While providing many examples of how broader philosophical approaches can be applied to spatial justice, the literature also makes it clear that there are many ambiguities in this application. On the one hand, the same theory of justice can be used to focus very different aspects. Amartya Sen’s capability approach can, for example, has led to focussing the number of choices that are available in a given situation, but can also be used to assess the exclusion of certain groups from proper access. And utilitarianism can be used in a rather egalitarian way, by attributing equal weight to everybody’s utility, or attributing different weights to different groups. On the other hand, different theories of justice are used to justify the same kind of assessment. A focus on the least well-off, in particular, can be found in utilitarian approaches that give higher weight to the least well-off (assuming that their marginal utility will rise more from a smaller increase in some benefit) but also in Rawlsian or Marxist approaches, that focus on the position of those groups because it violates the difference principle or because it expresses exploitative social relations. Further, assessment of spatial justice frequently focus the least well-off without reference to any specific principle of justice, such as can be found in the works of (Jonkman and Janssen-Jansen Citation2018), who focus on the distributive justice in housing mismatches, or (Dawkins Citation2021), who propose assessing the justice of housing policies in its substantive implications by considering how they reduce extreme poverty.

Distributional principles from the psychological and social-psychological justice research

As noted by (Liebig, HHlle, and May Citation2016), psychological research has identified four practical criteria according to which the distribution of a given resource tends to be assessed: strict equality, need, merit, and entitlement.

The application of different criteria for assessing spatial justice can have significant implications for the distribution of resources within urban environments. According to the criterion of strict equality, resources should be distributed in a way that minimizes the average levels of accessibility, with a focus on central locations. This approach seeks to ensure that all individuals have an equal level of access to resources, regardless of their individual circumstances or characteristics.

On the other hand, the criterion of merit or entitlement suggests that resources should be distributed to those who have contributed the most to financing them, often favoring the upper and middle classes. This approach is based on the idea that those who have contributed more to society should be rewarded with greater access to resources and opportunities.

In contrast, a need-based approach to resource distribution would prioritize providing better access to those who are least well-off. This criterion is based on the idea that resources should be allocated to those who have the greatest need, regardless of their individual contributions or circumstances.

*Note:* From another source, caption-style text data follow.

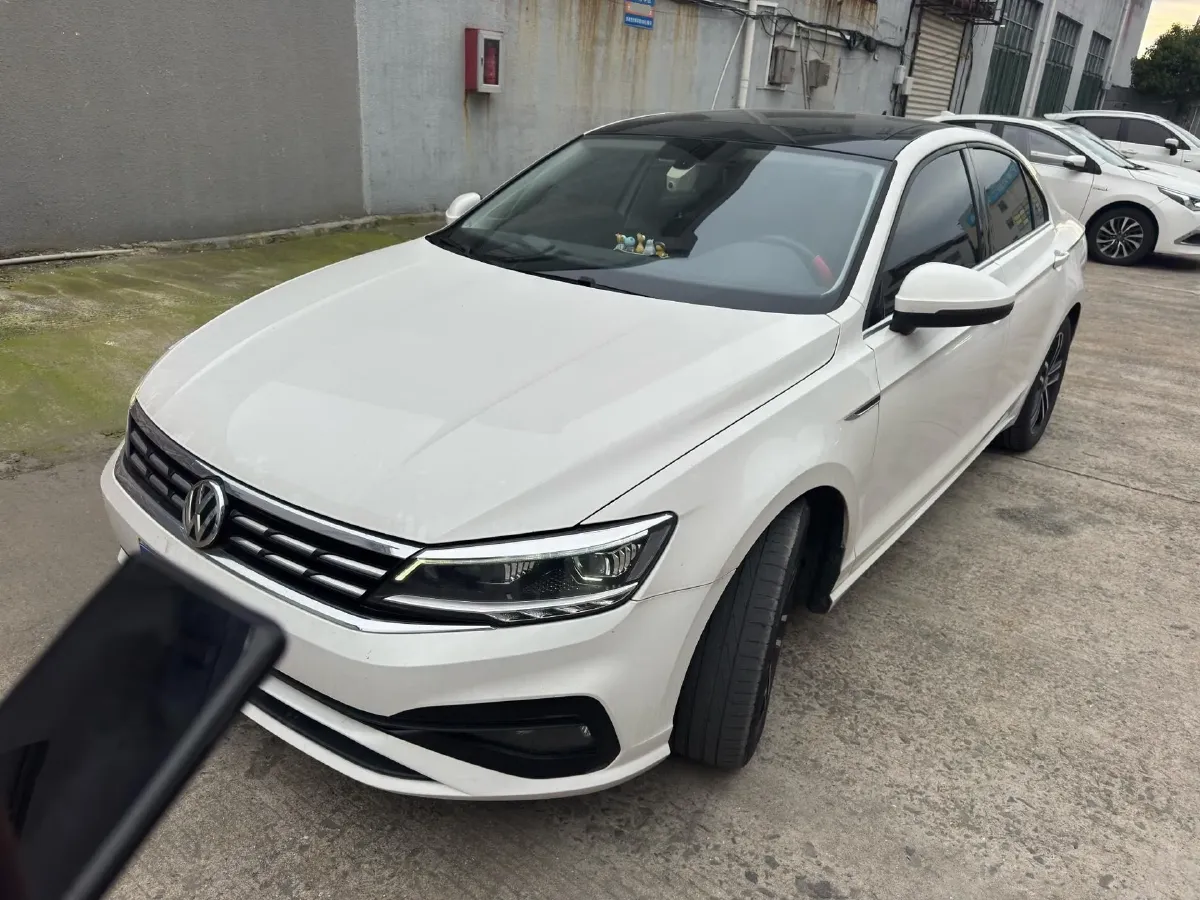 2021 Volkswagen Lamando 1.4T 150HP L4 7DCT,autocango,china used car exporter,china ev exporter,chinese used car exporter,chinese used ev exporter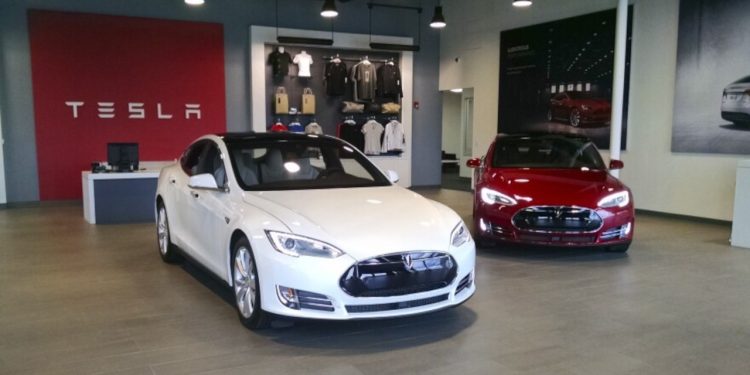 Tesla’nın kârı üçüncü çeyrekte yüzde 44 azaldı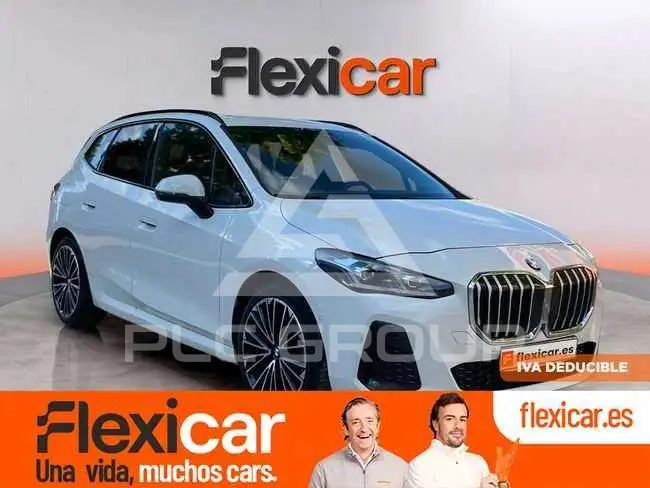 2024 BMW X2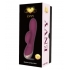 Luxurious Envy Inflatable Vibrator - Purple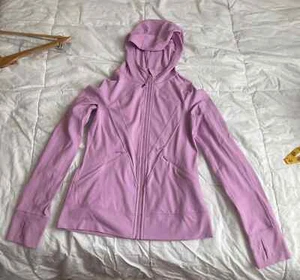 Ivivva define jacket - Picture 1 of 9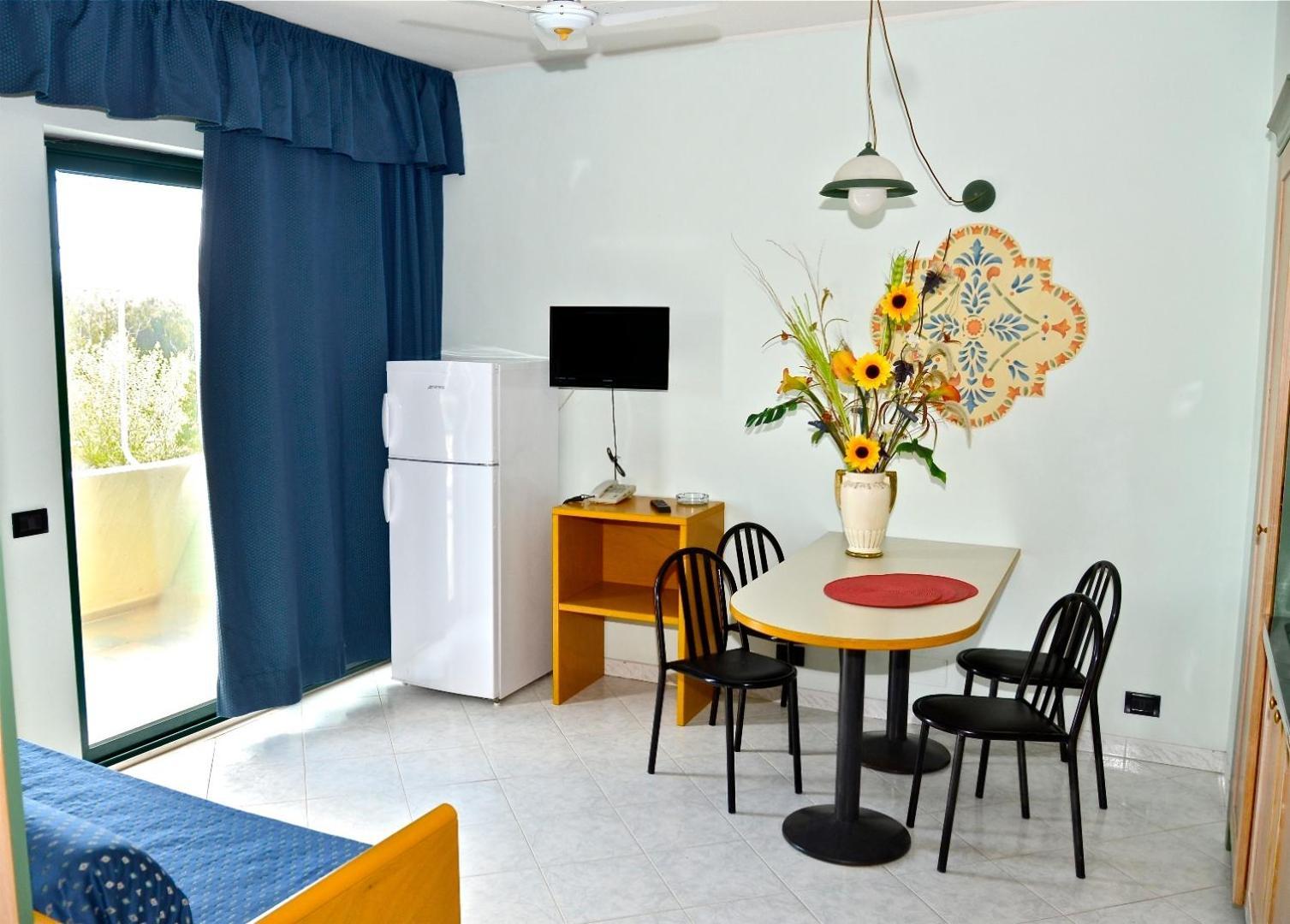 Hotel Alessidamo Club Métaponte Chambre photo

The choice of criterion can have significant implications for the distribution of resources within urban environments and can ultimately shape the overall level of spatial justice within a region. It is therefore important to carefully consider the different criteria and their implications when developing public policies and urban planning strategies. depicts what could be understood from justice criteria prioritization, in a caricatural scenario. n considering the different configurations of urban spaces that could arise depending on the criteria adopted for justice consideration, it is important to recognize that real urban configurations are often more complex. However, understanding the potential variations in spatial configurations that can result from different justice criteria can provide valuable insights for policy makers and urban planners seeking to create more equitable and just urban environments.

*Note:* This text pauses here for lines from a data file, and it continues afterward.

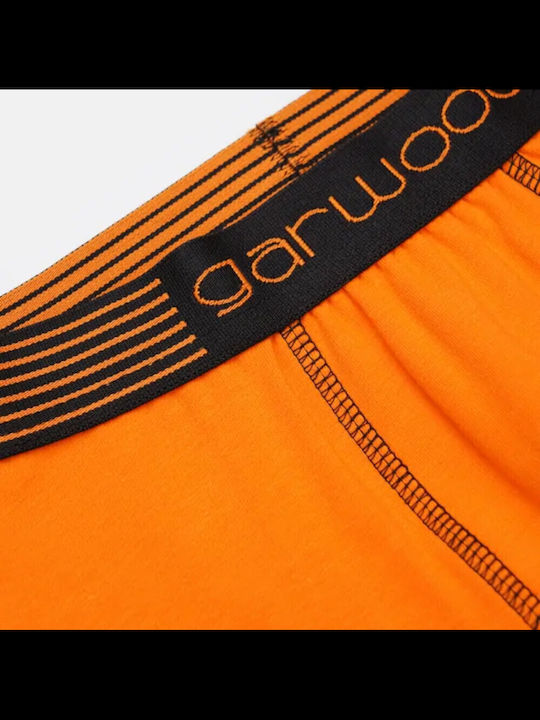 Disney Boxer pentru copii Orange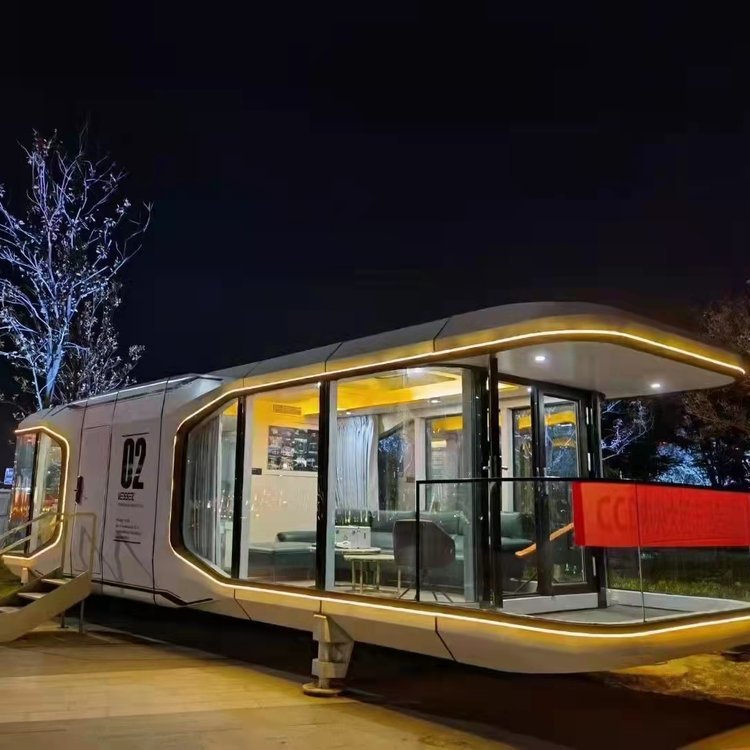 太空艙生產(chǎn)廠家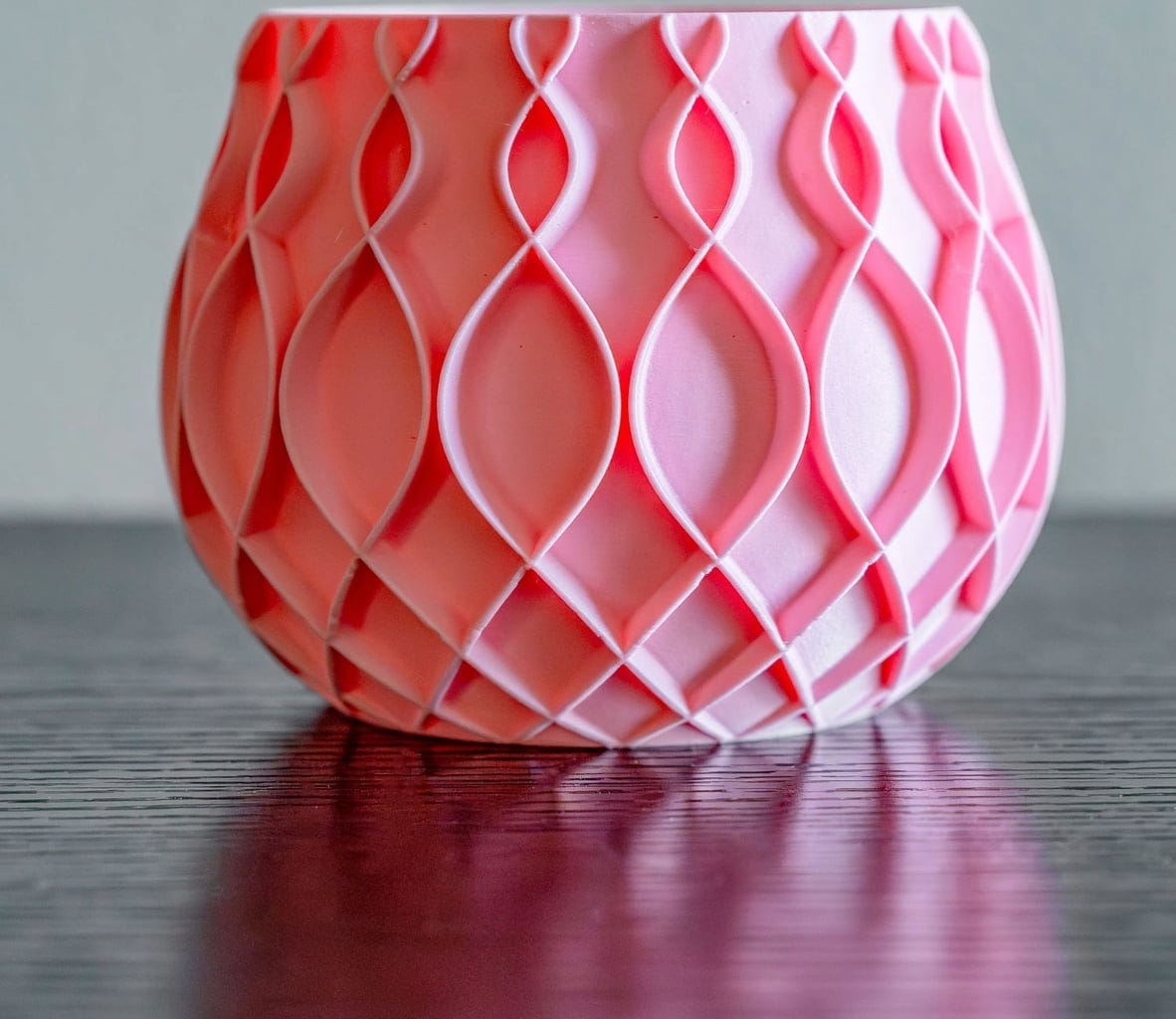 Polymaker  Panchroma™ PLA Matte Sakura Pink, 1,75 mm / 1000 g    Matte Eleganz in Sakura Pink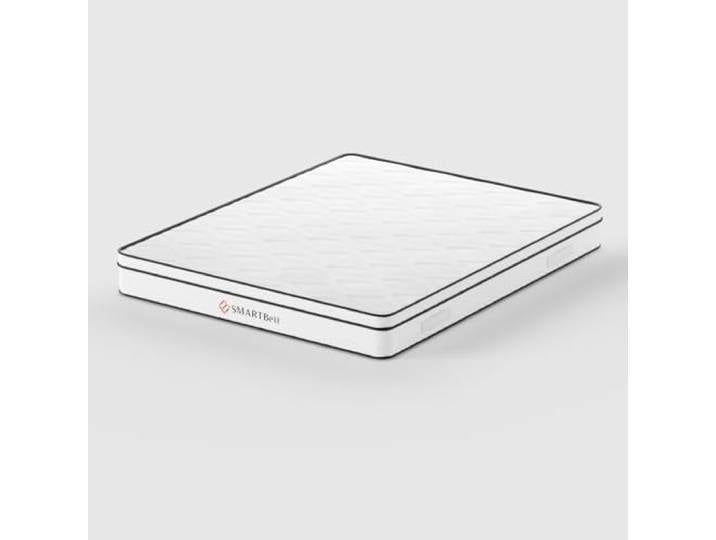 SMARTBett Taschenfederkernmatratze Comfort H4 7-Zonen Orthopädisch 140x200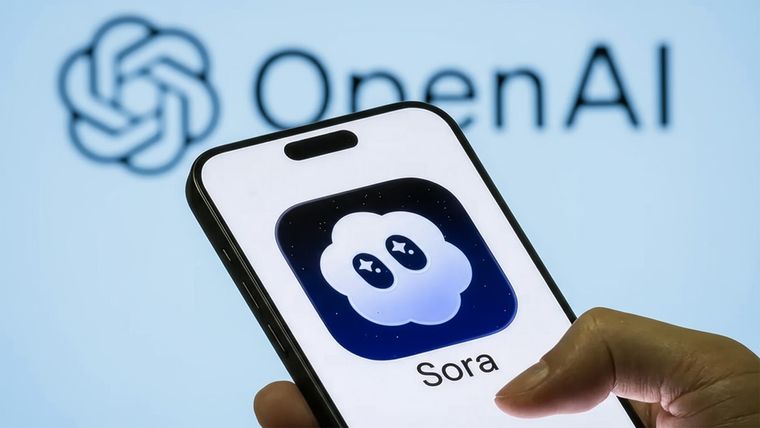 OpenAI amplía el acceso a Sora sin necesidad de invitaciones en regiones clave. OpenAI amplía el acceso a Sora sin necesidad de invitaciones en regiones clave.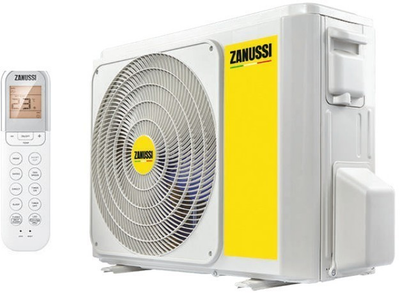 Кондиционер ZANUSSI SIENA ZACS-12HS/A21/N1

Figure 1. Distribution of services based on justice criteria.

Figure 1. Distribution of services based on justice criteria.

The scenarios are, naturally, rather caricatural – they assume a clean state for the creation of a utopic distribution based on each criterion and also some simplifications regarding the way the criteria are translated (e.g. equating being better-off with having more merit). And it is also true that the categories are not completely independent. Distributing resources according to peoples’ need can, for example, be considered a way of maximizing equality – not in the access to the resources, but by considering the different capabilities to transform a potential access into a substantial advantage. Nonetheless, they provide interesting benchmarks according to which the priority given to different criteria of justice can be assessed in spatial policies.

But how can these different criteria be related to the philosophical discussions of justice? The rest of this section discusses this relationship.

Strict equality and need

The understanding of modern western societies that live under the rule of law is that people should be treated as equals. This does not mean that individuals are considered as equals per se, but rather that certain differences between them are to be considered irrelevant (Kelsen Citation1999, 439) Different types of philosophical theories assume this intrinsic idea of equality as a core concept, with relevant reasoning as a consequence. Before the illuminist viewpoint on empiricism and rational thinking, Europe was socially forged by a Jewish/Cristian doctrine that evoked the idea that all human beings should be treated as equals, as once created by a ‘superior creator’. Nevertheless, there was a relatively strict inequal hierarchy among the social classes on medieval feudalism, but this line of thinking paved the way for modern philosophers to think about human relations and justice claims. The work of Willian Paley (Paley and Faulder Citation1785), for example, grounds itself on utilitarianism and Christian ethics to discuss what is right or wrong, good or bad concerning making choices, hence, ethical issues (Hibberd, Citationn.d.). His contribution still had religious background but was considered influential and served as basis for utilitarianism theory. Later, Jhon Stuart Mill and Jeremy Bentham diverted from the religious background and looked for a ‘foundation of a scientific and exact ethics on the basis of a scientific and exact psychology’ (Stark Citation1941), considering a systematic and objective way to propose utilitarianism as a general political philosophic theory. For them, what matters is the individual’s perceptions of pleasure and pain and, therefore, to make appropriate choices regarding the maximization of one or the minimization of the latter. This approach has several consequences when public policies are formulated and applied, especially when spatiality is considered as previously discussed on our topic ‘what is justice?’. The fact is that this underlying notion of individual rights and equality started to become considered as settled when modern revolutions took place and rearranged both the socioeconomic divisions of society and ways of production, broke some of the barriers of the current time for individuals to improve their wellbeing (Acemoglu et al. Citation2011), supported by the legitimacy granted by society to the State, for example on the French and United States modern revolutions (Bukovansky Citation2002).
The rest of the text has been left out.